___ Supplied information

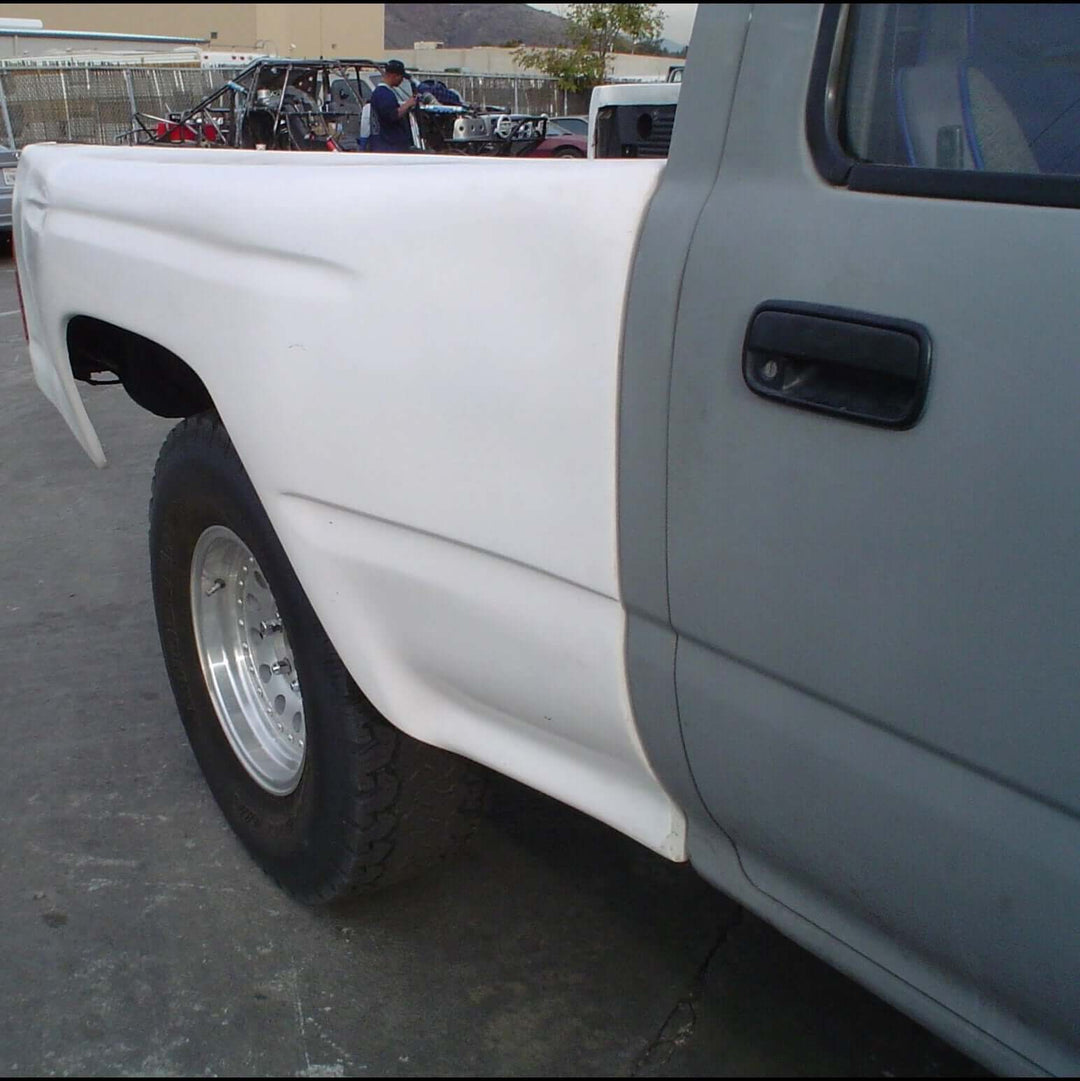 1989-1995 Toyota Pickup To 04 Tacoma Conversion Bedsides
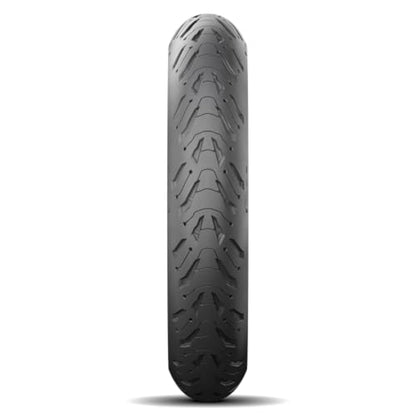MICHELIN Road 6 Front Tire, black, 120/70ZR-17 (58W) (26276) - size: 120/70ZR-17 (58W)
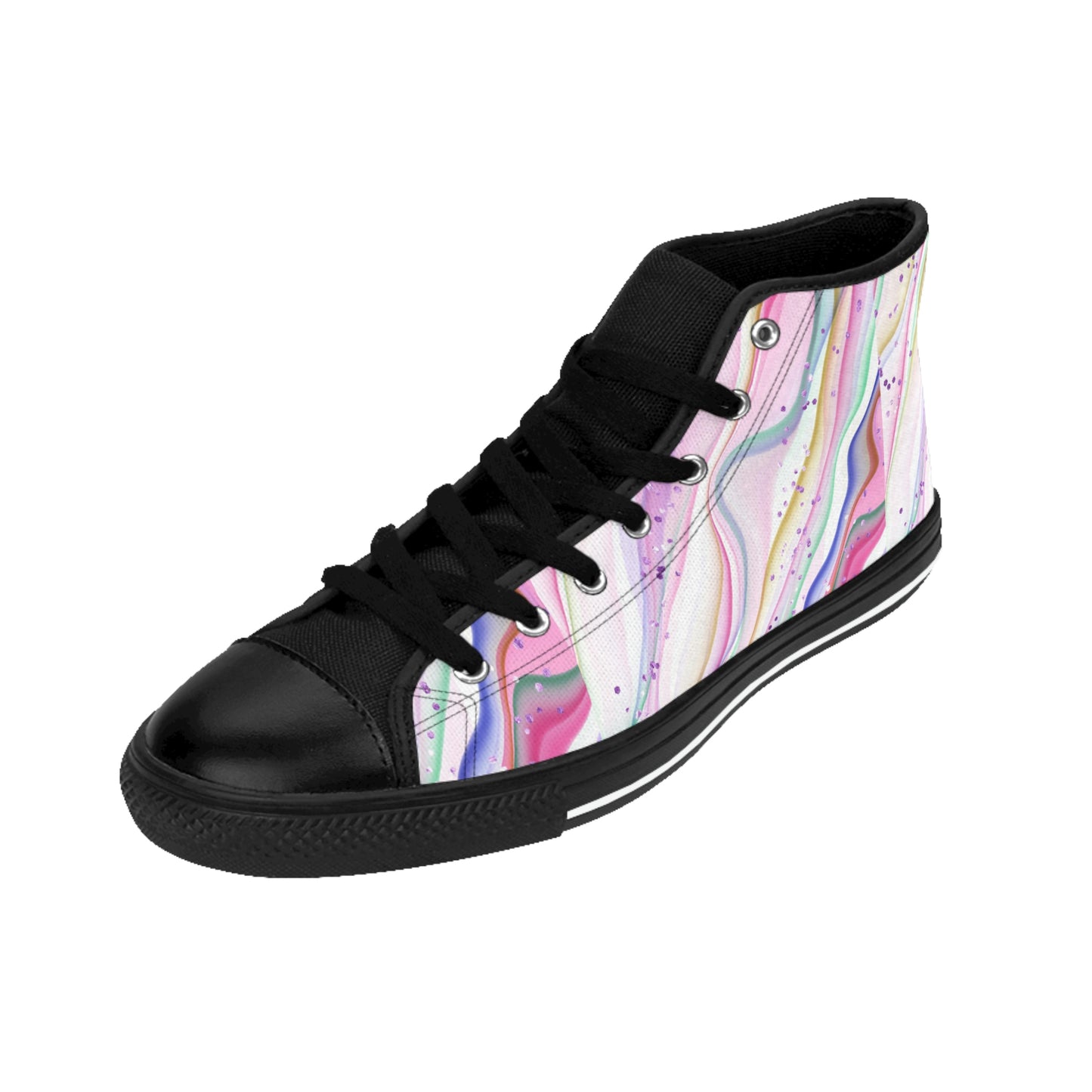 Glitter Mix Women's Classic Sneakers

______

- Task:
Your reply should hold only the lines running from the one with "MICHELIN Road 6" to the end of the data above, set down exactly, pictures omitted.

- Answer to the problem:
MICHELIN Road 6 Front Tire, black, 120/70ZR-17 (58W) (26276) - size: 120/70ZR-17 (58W)
 Glitter Mix Women's Classic Sneakers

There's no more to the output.